Let's apply this to the same market data:

import scipy.cluster.hierarchy as sch
from sklearn.cluster import AgglomerativeClustering

# Using Ward's linkage method
dendrogram = sch.dendrogram(sch.linkage(scaled_data, method='ward'))

# Perform agglomerative clustering 
# Based on the dendrogram, we choose 3 clusters
agg_cluster = AgglomerativeClustering(n_clusters=3, metric='euclidean', linkage='ward')
clusters = agg_cluster.fit_predict(scaled_data)

The dendrogram is the key output here. It's a beautiful, complex tree. The y-axis represents the distance at which clusters were merged. By drawing a horizontal line, we can select a number of clusters. For example, where our red dashed line cuts the tree, it crosses three vertical lines, suggesting that three is a reasonable number of clusters.

Strengths:

  • The number of clusters is not required beforehand. The dendrogram provides a rich visualization of possibilities.
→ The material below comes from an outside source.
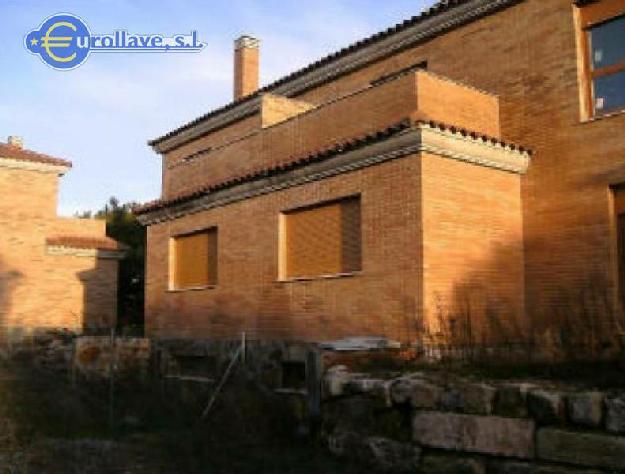 Casa adosada en Manzanares el Real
  • It doesn't just partition; it shows how clusters relate to one another, which can be very insightful for understanding market dynamics.
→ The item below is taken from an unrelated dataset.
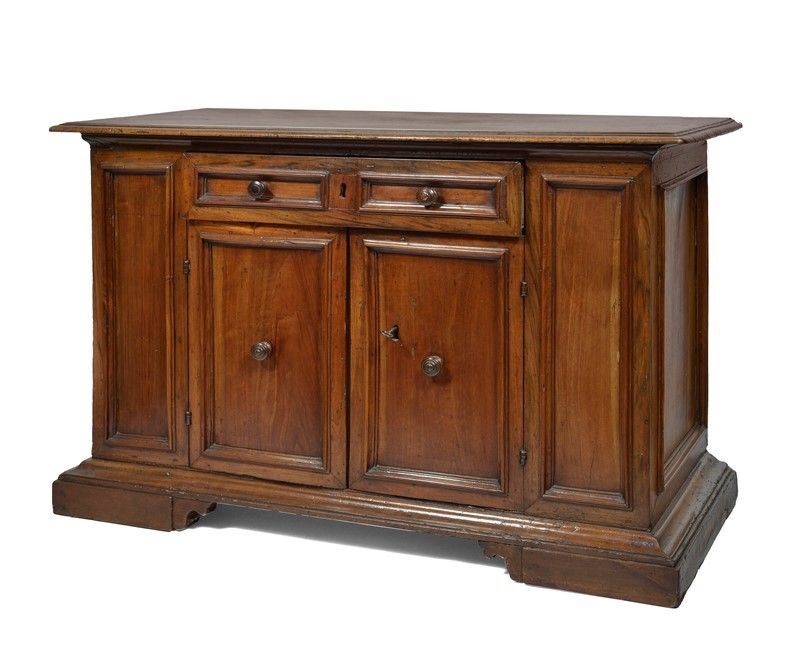 Credenza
  • It can work with any distance metric, not just Euclidean.

Pitfalls and a new frustrations:

Hierarchical clustering felt like a more honest approach. But it wasn't a silver bullet.
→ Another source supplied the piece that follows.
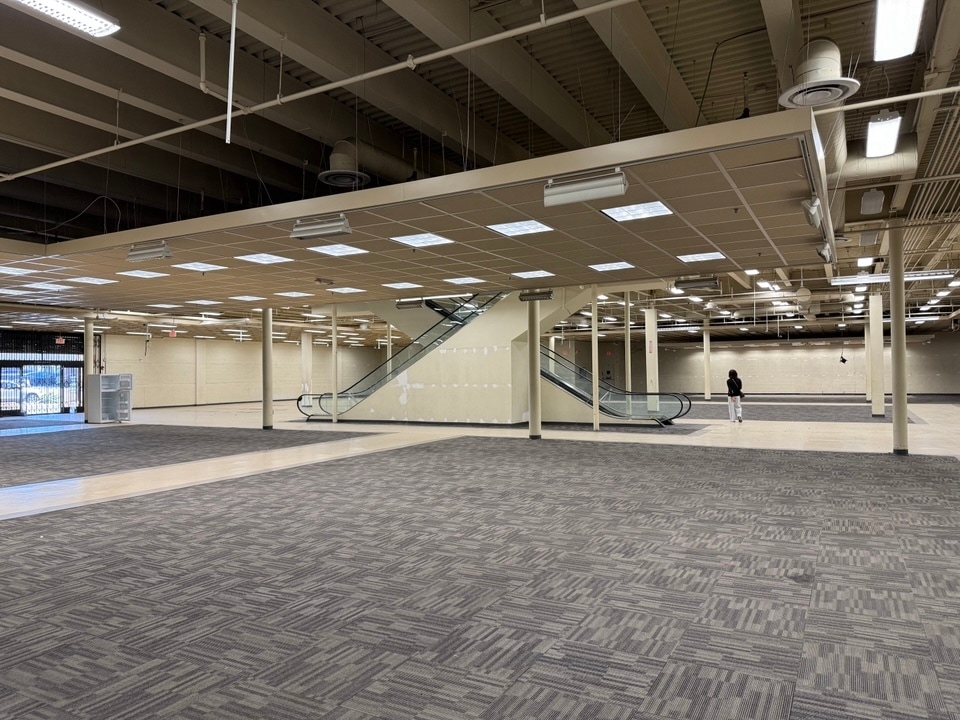 3870 Tyler St, Riverside, CA à louer Photo intérieure– Image 1 sur 1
  1. The basic agglomerative algorithm has a time complexity of at least O(N2logN), where N is the number of data points. For our dataset of thousands of trading days, it was slow.

  2. While we don't have to specify K upfront, we still have to decide where to "cut" the dendrogram. This decision remains subjective and can dramatically change the interpretation.

  3. Once a merge—in agglomerative—or a split—in divisive—is made, it's final. An early mistake can't be corrected later in the process.

  4. For a high-dimensional dataset, the 2D representation of the dendrogram can be misleading. The distances it portrays might not capture the true, complex relationships in the data.

I have found a way to map the market's family tree, but the map was hard to read and computationally expensive to draw.

Density-based techniques

Until here we have been guided by a core assumption: everything must belong to a cluster:

K-Means forces every day into a regime. Hierarchical clustering assigns every day a place in the family tree. But what if that was wrong? What if some days aren't part of any regime? What if they are just... noise? Outliers? One-off events?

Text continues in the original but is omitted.